DIRECTIONS -> Every entry must be repeated exactly. Exclude all pictures.

[Opening DATA RECORDS section]

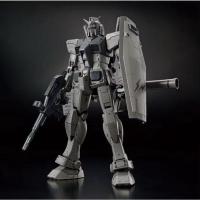 ราคา MG 1/100 RX-78-2 Ver 3.0 (RX-78FRGMT Ver.) LOTTO SALE (42001086817)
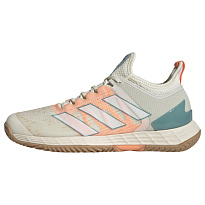 Фото № 1 с приближением к товару «‎Adidas Uniwersalne»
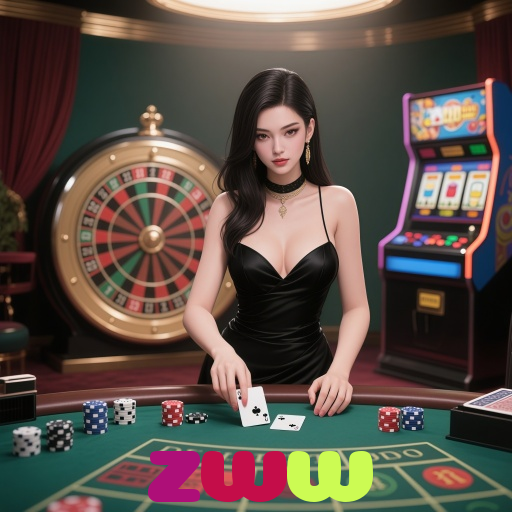 zww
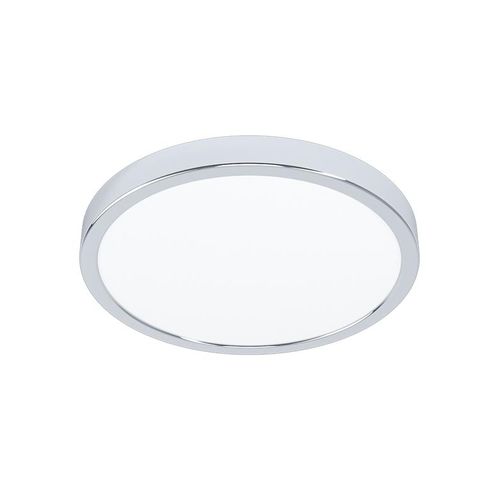 EGLO FUEVA 5 Aufbauleuchte, weiss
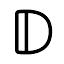DeepTab AI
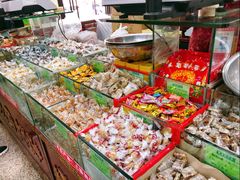 -采芝斋评弹茶馆(观前街店)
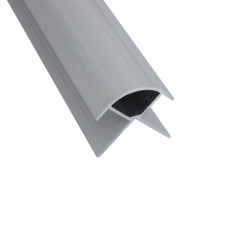 White-External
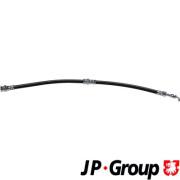 1561602900 JP GROUP brzdová hadica 1561602900 JP GROUP
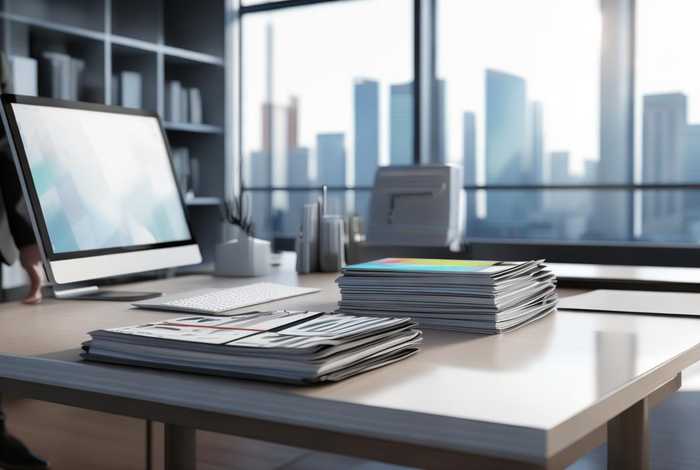 工作经历模板（工作经历模板个人）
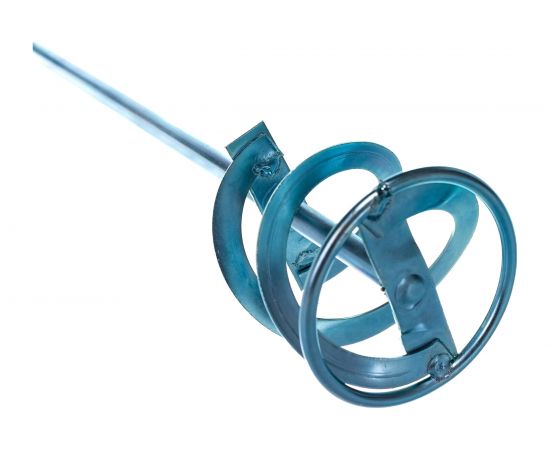 Миксер PROFI для красок (80х400 мм; SDS+) STAYER 06013-08-40 – изображение 6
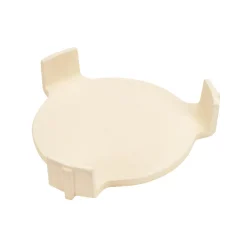 Big Green Egg Medium – met intEGGrated onderstel, aspook en convEggtor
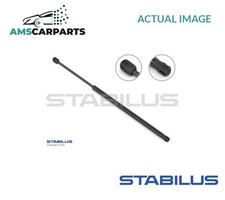 GAS SPRING BONNET 638424 STABILUS NEW OE REPLACEMENT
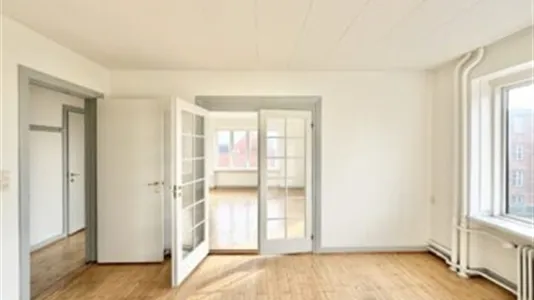 Lejligheder i Fredericia - billede 8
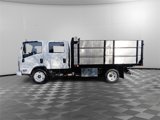 New 2025 Chevrolet Low Cab Forward image 2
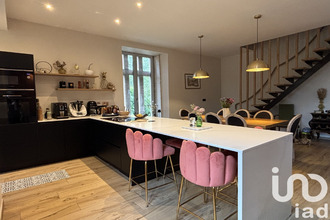 achat maison guereins 01090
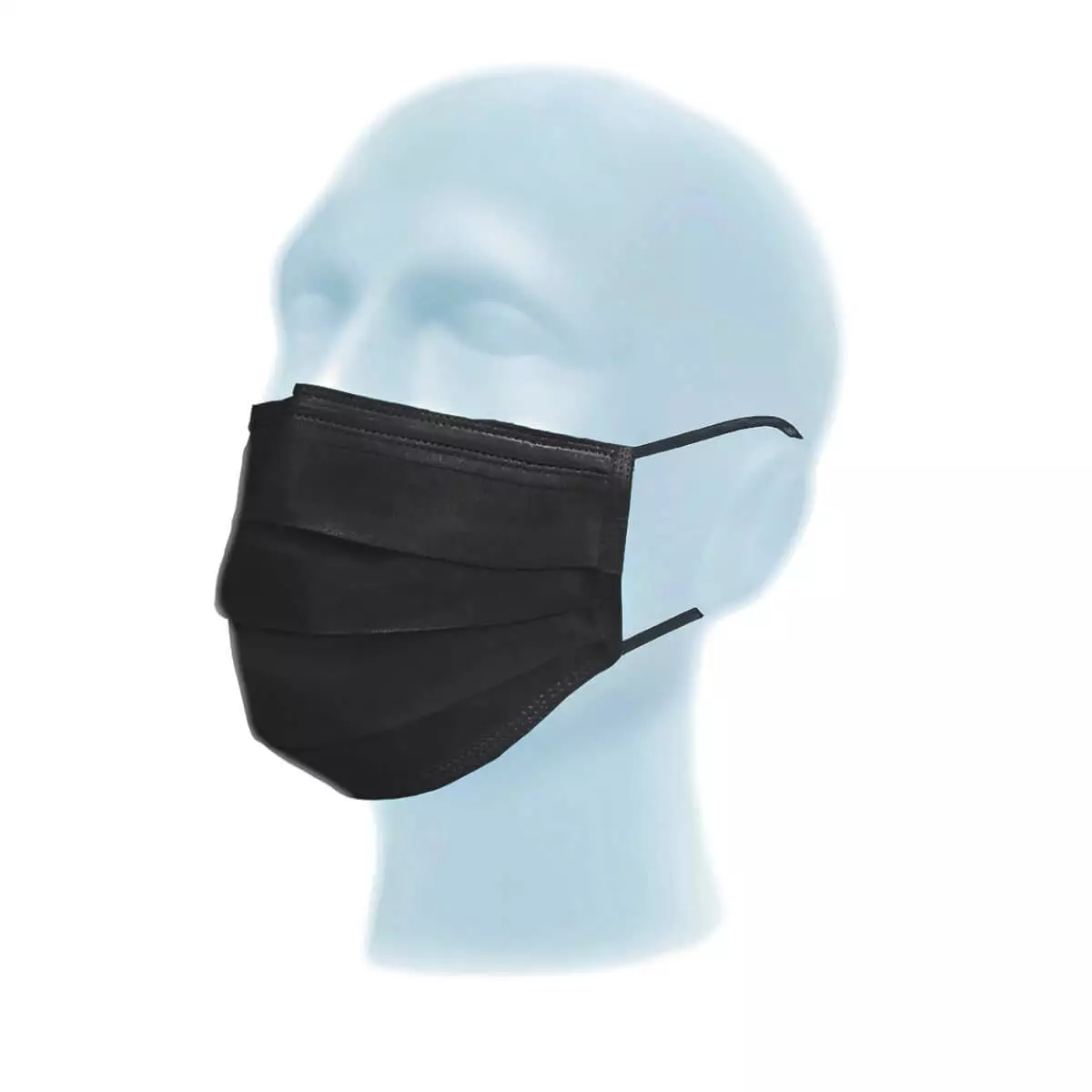 Meditrade Suavel Protec OP-Maske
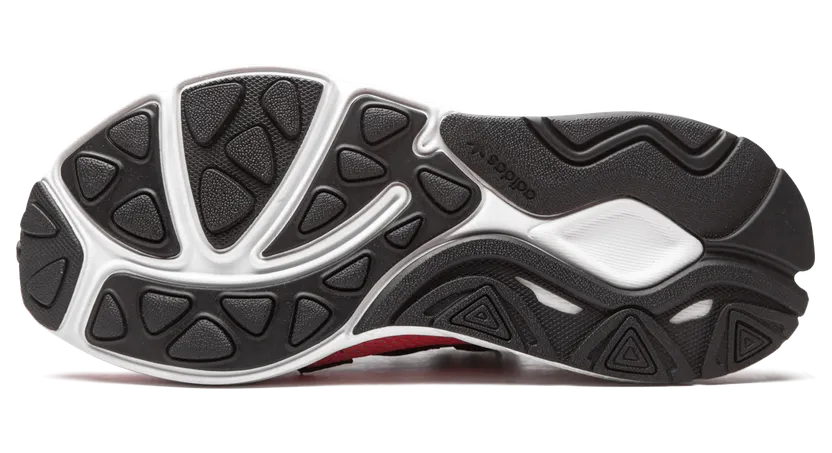 adidas-lxcon G27579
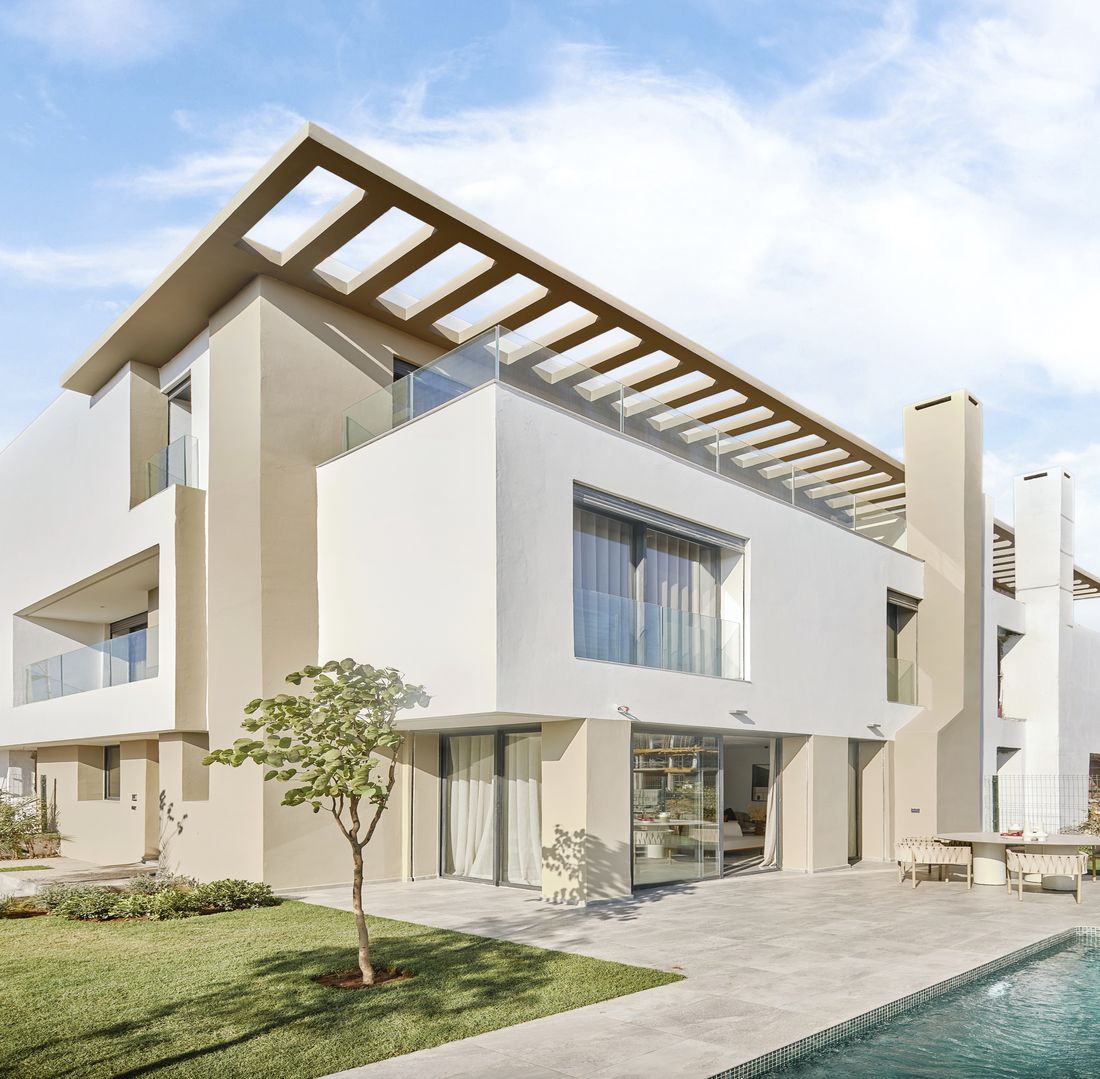 PROMENADE-DE-DARB-007_resultat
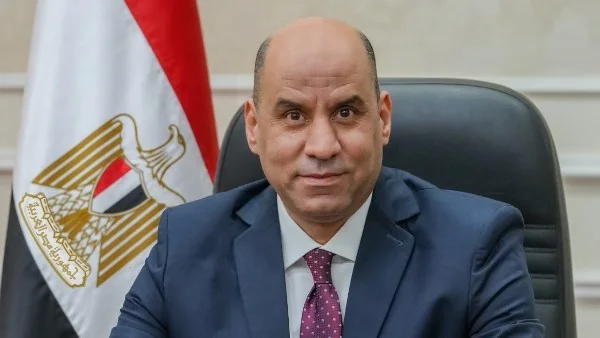إجازة عيد العمال وحقوق العاملين بالقانون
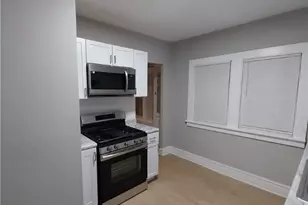 1635 Hillcrest Rd, Cleveland Heights, OH 44118 - Photo 8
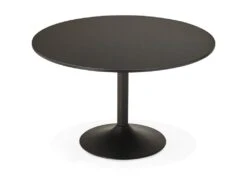Table Design Konrad Xl -Mobilia Boutique table a manger 15467169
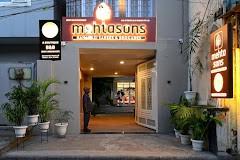 Handloom Weaving Saree in Varanasi | Buy from Trusted Weavers in Banaras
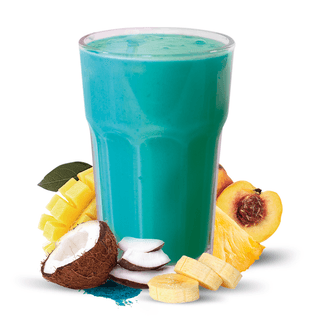 Coco Loco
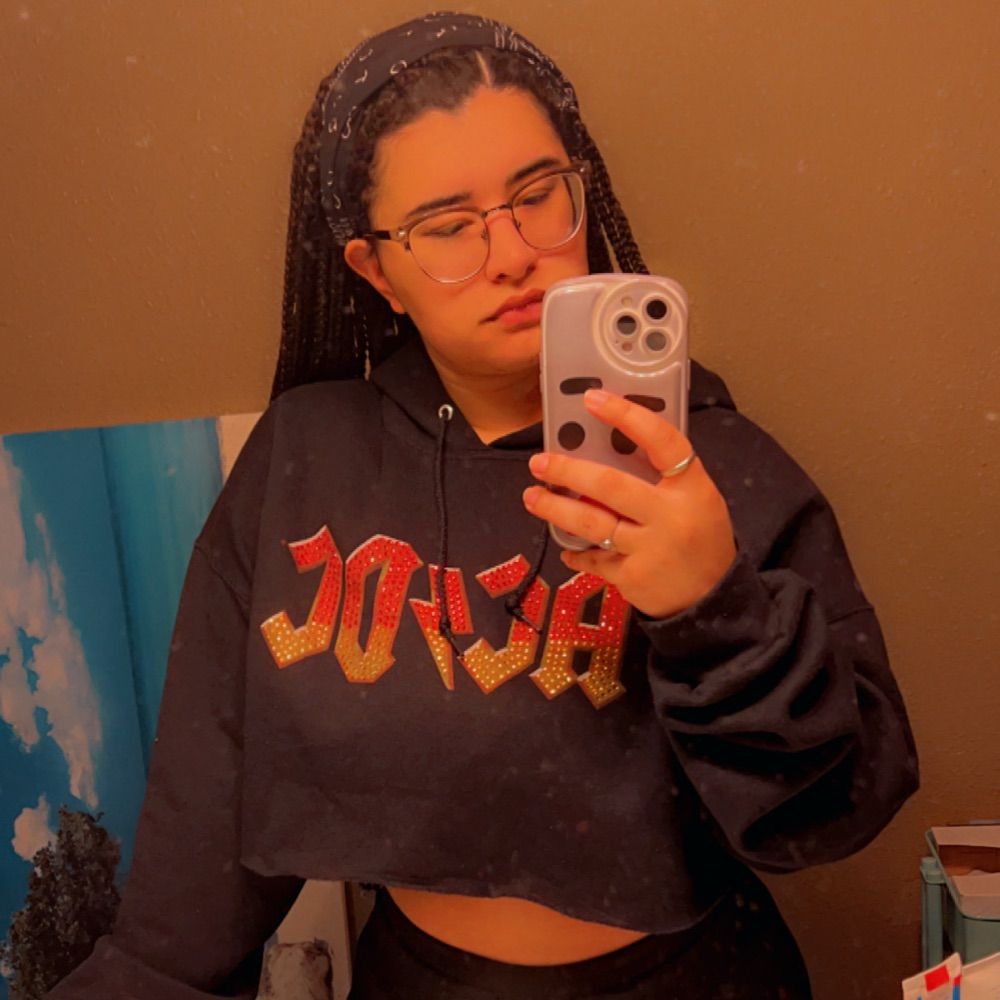💕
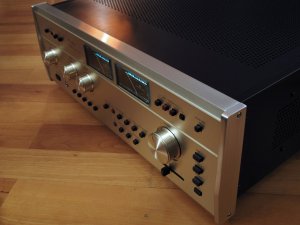 Accuphase 040.jpg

[Closing DATA RECORDS section]

TASK SOLUTION ->
 ราคา MG 1/100 RX-78-2 Ver 3.0 (RX-78FRGMT Ver.) LOTTO SALE (42001086817)
 Фото № 1 с приближением к товару «‎Adidas Uniwersalne»
 zww
 EGLO FUEVA 5 Aufbauleuchte, weiss
DeepTab AI
 -采芝斋评弹茶馆(观前街店)
 White-External
 1561602900 JP GROUP brzdová hadica 1561602900 JP GROUP
 工作经历模板（工作经历模板个人）
 Миксер PROFI для красок (80х400 мм; SDS+) STAYER 06013-08-40 – изображение 6
 Big Green Egg Medium – met intEGGrated onderstel, aspook en convEggtor
 GAS SPRING BONNET 638424 STABILUS NEW OE REPLACEMENT
 Lejligheder i Fredericia - billede 8
 New 2025 Chevrolet Low Cab Forward image 2
 achat maison guereins 01090
 Meditrade Suavel Protec OP-Maske
 adidas-lxcon G27579
 PROMENADE-DE-DARB-007_resultat
إجازة عيد العمال وحقوق العاملين بالقانون
 1635 Hillcrest Rd, Cleveland Heights, OH 44118 - Photo 8
Table Design Konrad Xl -Mobilia Boutique table a manger 15467169
 Handloom Weaving Saree in Varanasi | Buy from Trusted Weavers in Banaras
 Coco Loco
💕
 Accuphase 040.jpg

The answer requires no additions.